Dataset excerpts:
************
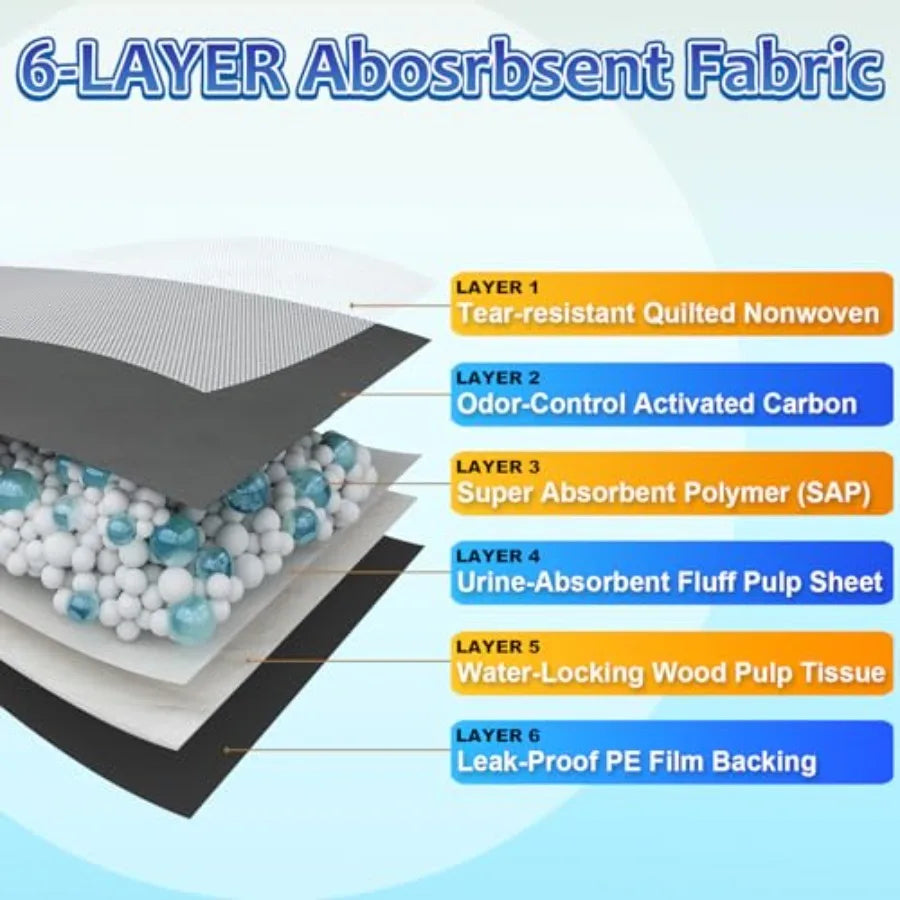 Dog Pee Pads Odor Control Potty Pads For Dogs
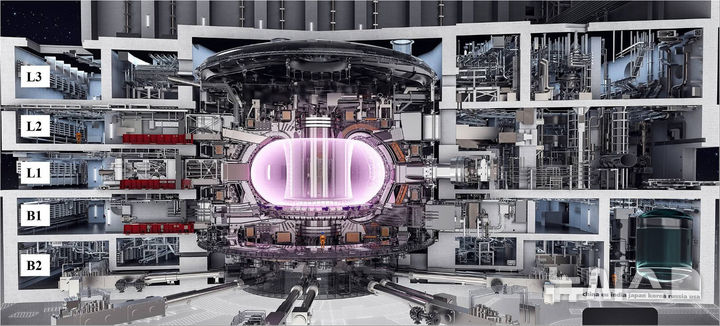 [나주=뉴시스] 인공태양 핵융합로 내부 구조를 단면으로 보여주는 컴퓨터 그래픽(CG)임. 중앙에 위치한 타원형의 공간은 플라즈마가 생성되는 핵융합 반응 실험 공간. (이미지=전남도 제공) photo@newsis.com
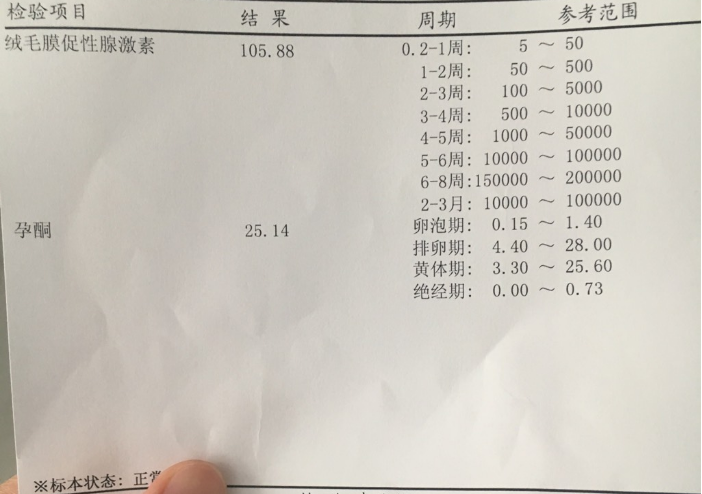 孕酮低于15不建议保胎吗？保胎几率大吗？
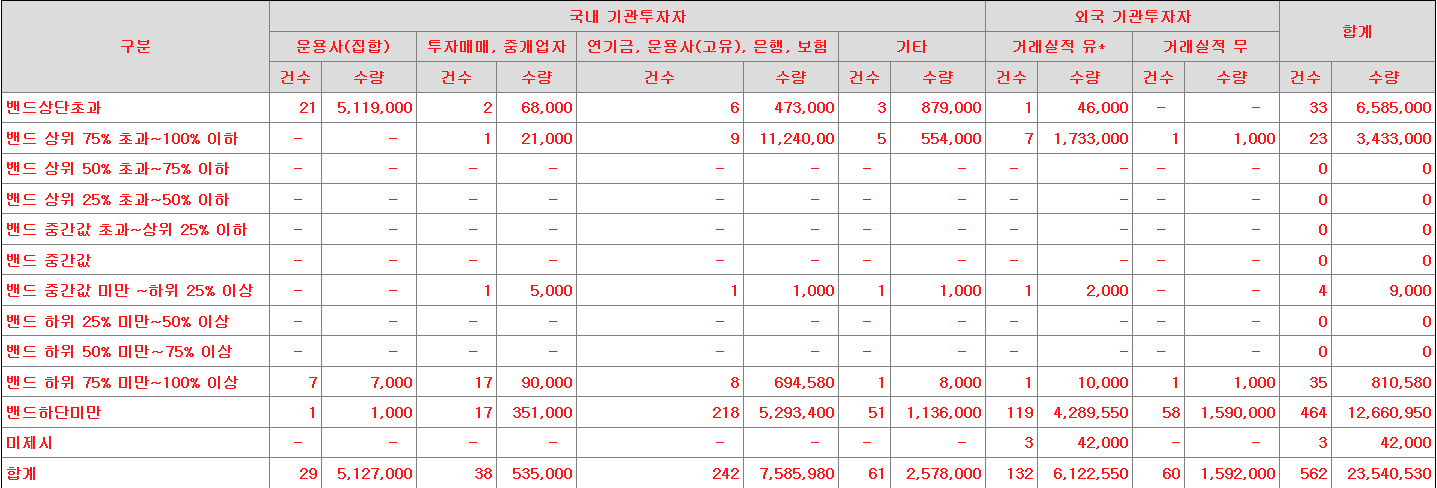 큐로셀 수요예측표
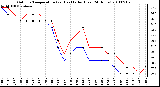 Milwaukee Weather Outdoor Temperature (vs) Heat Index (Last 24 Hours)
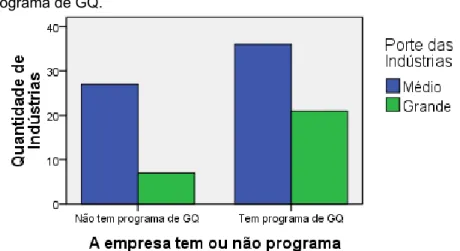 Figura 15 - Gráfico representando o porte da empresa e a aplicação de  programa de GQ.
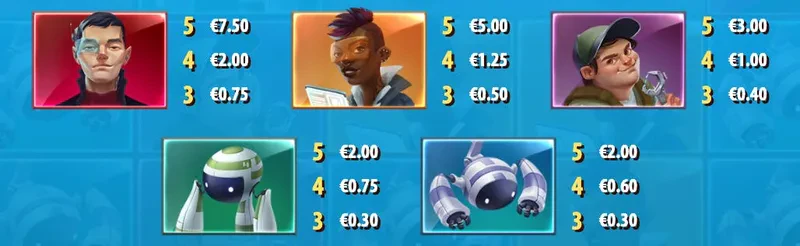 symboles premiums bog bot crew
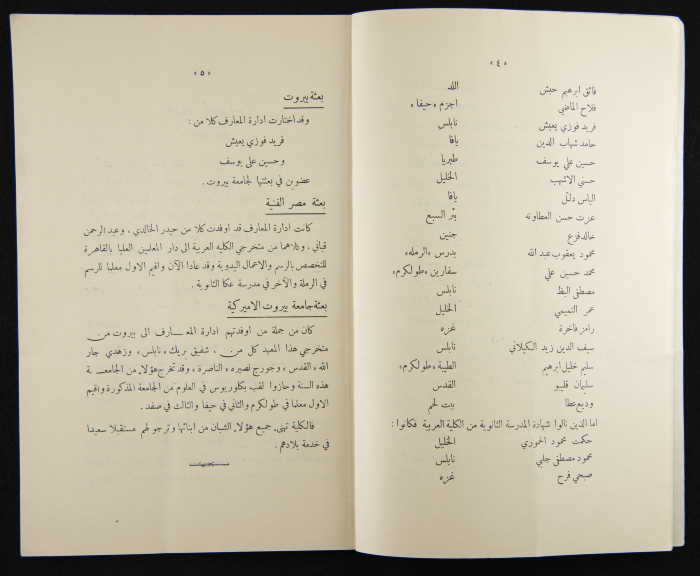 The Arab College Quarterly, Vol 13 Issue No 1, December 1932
************
→ How to complete this task
Line by line and exactly, reproduce the span from the line with "symboles premiums bog bot crew" through the end of the data above, both ends included, with pictures left out.

→ Output of the exercise
 symboles premiums bog bot crew
 The Arab College Quarterly, Vol 13 Issue No 1, December 1932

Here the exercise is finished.